Some alternatives to “Friendly AI”

Cross-posted from my blog.

What does MIRI’s research program study?

The most established term for this was coined by MIRI founder Eliezer Yudkowsky: “Friendly AI.” The term has some advantages, but it might suggest that MIRI is trying to build C-3PO, and it sounds a bit whimsical for a serious research program.

What about safe AGI or AGI safety? These terms are probably easier to interpret than Friendly AI. Also, people like being safe, and governments like saying they’re funding initiatives to keep the public safe.

A friend of mine worries that these terms could provoke a defensive response (in AI researchers) of “Oh, so you think me and everybody else in AI is working on unsafe AI?” But I’ve never actually heard that response to “AGI safety” in the wild, and AI safety researchers regularly discuss “software system safety” and “AI safety” and “agent safety” and more specific topics like “safe reinforcement learning” without provoking negative reactions from people doing regular AI research.

I’m more worried that a term like “safe AGI” could provoke a response of “So you’re trying to make sure that a system which is smarter than humans, and able to operate in arbitrary real-world environments, and able to invent new technologies to achieve its goals, will be safe? Let me save you some time and tell you right now that’s impossible. Your research program is a pipe dream.”

My reply goes something like “Yeah, it’s way beyond our current capabilities, but lots of things that once looked impossible are now feasible because people worked really hard on them for a long time, and we don’t think we can get the whole world to promise never to build AGI just because it’s hard to make safe, so we’re going to give AGI safety a solid try for a few decades and see what can be discovered.” But that’s probably not all that reassuring.

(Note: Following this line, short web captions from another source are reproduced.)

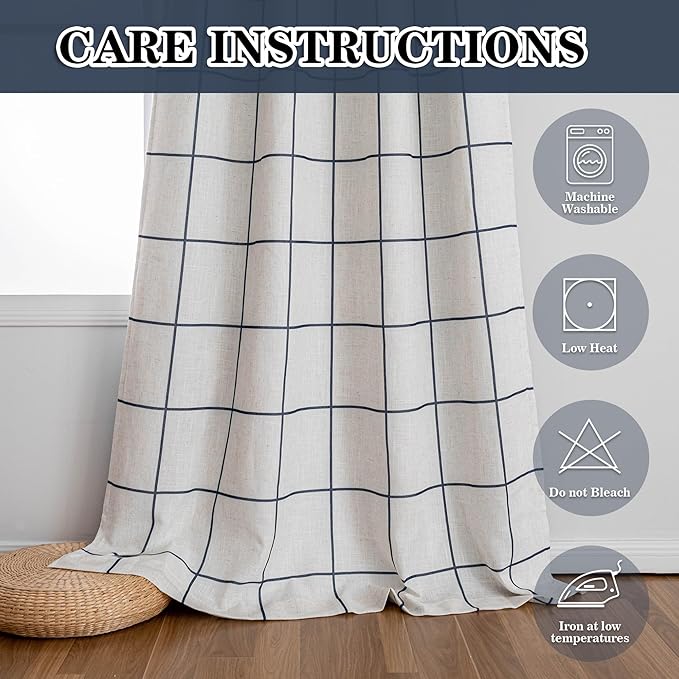 MYSKY HOME 100% Blackout Navy Blue Plaid Farmhouse Linen Curtains 84 Inch Long 2 Panels Set Double Layer Windowpane Drapes Thermal Insulated Privacy Protection Living Room Back Tab, 52" W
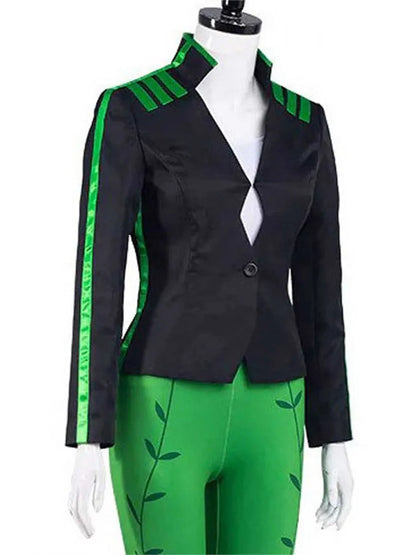 Harley Quinn Poison Ivy Black And Green Leather Jacket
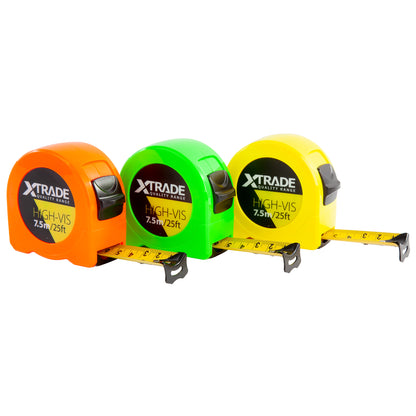 XTrade 7.5m/25ft High Vis Tape Measures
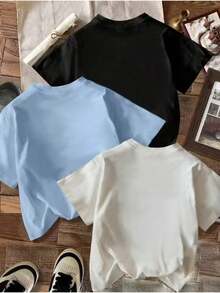 New Women's Fashion T-Shirt, With Graffiti Style Dice Print And California Lettering, Round Neck, Plus Size, Pure Cotton For Summer, Loose And Flattering, Local Delivery, Fashionable Casual Top, Casual Style, Round Neck, Slightly Stretchy. - 黑色 - 查看 2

How about high-assurance AGI? In computer science, a “high assurance system” is one built from the ground up for unusually strong safety and/​or security guarantees, because it’s going to be used in safety-critical applications where human lives — or sometimes simply billions of dollars — are at stake (e.g. autopilot software or Mars rover software). So there’s a nice analogy to MIRI’s work, where we’re trying to figure out what an AGI would look like if it was built from the ground up to get the strongest safety guarantees possible for such an autonomous and capable system.

I think the main problem with this term is that, quite reasonably, nobody will believe that we can ever get anywhere near as much assurance in the behavior of an AGI as we can in the behavior of, say, the relatively limited AI software that controls the European Train Control System. “High assurance AGI” sounds a bit like “Totally safe all-powerful demon lord.” It sounds even more wildly unimaginable to AI researchers than “safe AGI.”

What about superintelligence control or AGI control, as in Bostrom (2014)? “AGI control” is perhaps more believable than “high-assurance AGI” or “safe AGI,” since it brings to mind AI containment methods, which sound more feasible to most people than designing an unconstrained AGI that is somehow nevertheless safe. (It’s okay if they learn later that containment probably isn’t an ultimate solution to the problem.)

On the other hand, it might provoke a reaction of “What, you don’t think sentient robots have any rights, and you’re free to control and confine them in any way you please? You’re just repeating the immoral mistakes of the old slavemasters!” Which of course isn’t true, but it takes some time to explain how I can think it’s obvious that conscious machines have moral value while also being in favor of AGI control methods.

How about ethical AGI? First, I worry that it sounds too philosophical, and philosophy is widely perceived as a confused, unproductive discipline. Second, I worry that it sounds like the research assumes moral realism, which many (most?) intelligent people reject. Third, it makes it sound like most of the work is in selecting the goal function, which I don’t think is true.

What about beneficial AGI? That’s better than “ethical AGI,” I think, but like “ethical AGI” and “Friendly AI,” the term sounds less like a serious math and engineering discipline and more like some enclave of crank researchers writing a flurry of words (but no math) about how AGI needs to be “nice” and “trustworthy” and “not harmful” and oh yeah it must be “virtuous” too, whatever that means.

So yeah, I dunno. I think “AGI safety” is my least-disliked term these days, but I wish I knew of some better options.